Fix Japanese tokenization: a Japanese paragraph collapses into a single token today

# Why
- Current tokenizer (`scripts/knowledge-graph/tokenizer.ts:53-82`) splits on `\s+` after substituting ASCII punctuation for whitespace. Japanese text has no whitespace, so a paragraph like 「セッションの分析を実行する。次にテストを書く。」 enters as a single string.
- The cleaning regex `[^a-z0-9぀-鿿]` happens to **keep** Japanese punctuation (`。`, `、` are in the U+3000 block which falls inside that range), so even the punctuation does not act as a separator.
- The result is one giant token per Japanese run that survives stop-word filtering and lands in the vocabulary unique to that session — useless for TF-IDF, clustering, or similarity.
- The existing regression test (`scripts/__tests__/tokenizer.test.ts:137`) only asserts `not.toThrow()` and never inspects token contents, which is why this has stayed silent.

# What
- Tokenize Japanese into meaningful word-ish units so TF-IDF / clustering / similarity actually carry signal on Japanese-heavy sessions.
- Add tests that assert token **contents** for Japanese input (the current crash-only test is not enough).
- The public surface (`tokenize(text: string): string[]`) should stay the same so call sites do not change.

# How (primary proposal)
- Adopt `Intl.Segmenter('ja', { granularity: 'word' })`. Built into Node 22+, which matches the project's CI target. Zero new dependencies, no WASM cold-start, CLDR-backed quality.
- Mixed-script handling stays simple: detect CJK runs and feed them through `Intl.Segmenter`, fall back to the existing whitespace path for the rest.

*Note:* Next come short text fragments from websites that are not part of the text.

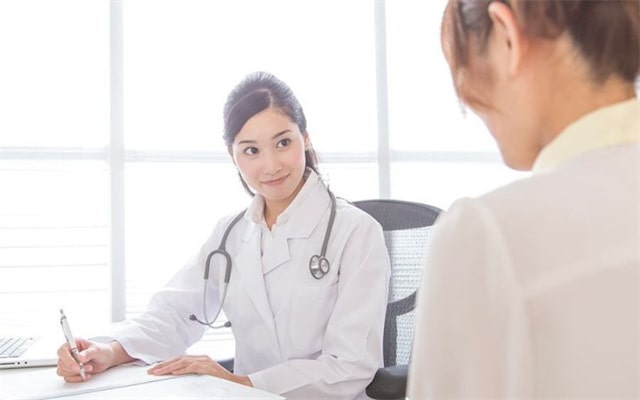 10个所有女性都应知道的妇科常识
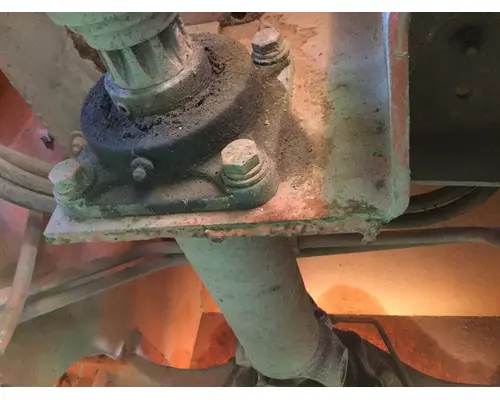 Case 621B Equip Drive Shaft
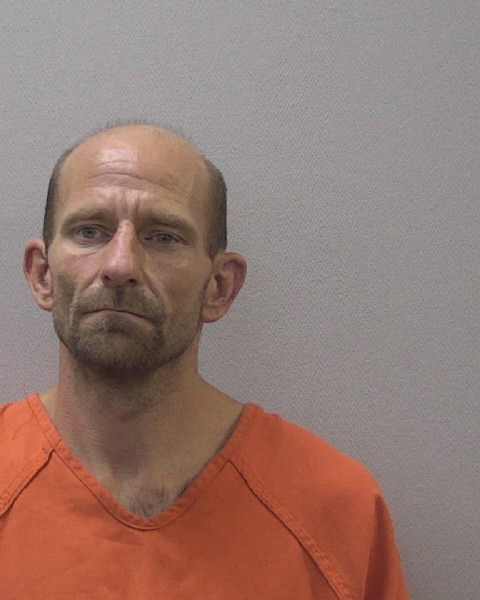 Mugshot of SHAWN LAWTON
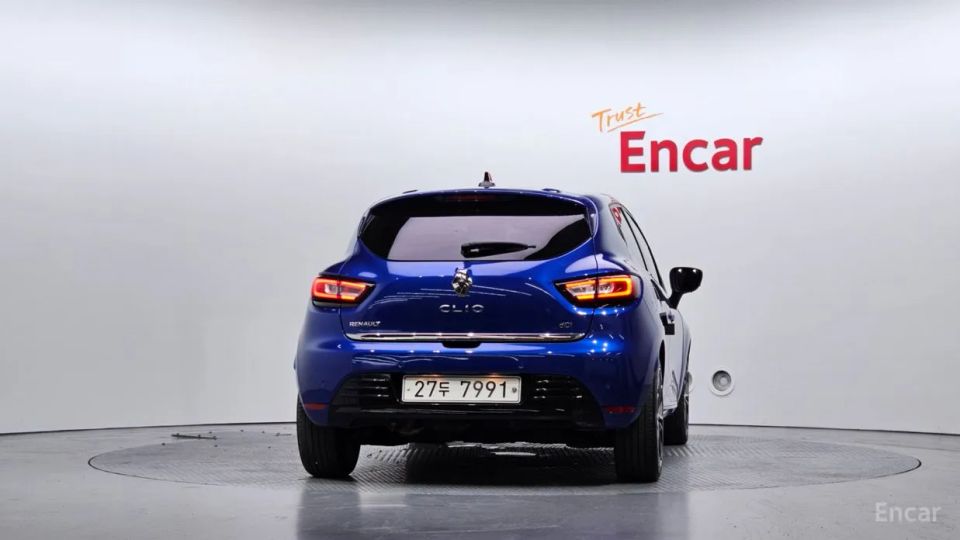 Renault-KoreaSamsung Cilo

# Alternative approaches to weigh
This issue does **not** mandate `Intl.Segmenter`. Other directions worth evaluating before committing:

- **Character n-grams (bi/tri-gram)**: zero deps, robust against mixed-script noise, but inflates vocabulary and adds noise to TF-IDF. Probably best as a *fallback* layer under `Intl.Segmenter`, not as a replacement.
- **kuromoji.js**: classic pure-JS morphological analyzer, IPADIC-based. Highest quality among JS-only options but ships ~30 MB of dictionary on first run and the dictionary is dated.
- **lindera-wasm / sudachi.rs via WASM**: modern morphological analyzers compiled to WASM. Better dictionaries, smaller cold-start than kuromoji once cached, but pulls in a WASM toolchain dependency.
- **Hybrid `Intl.Segmenter` + bigram fallback** when the segmenter returns suspicious output (e.g. one very long token): a cheap defensive layer worth considering whatever the primary choice is.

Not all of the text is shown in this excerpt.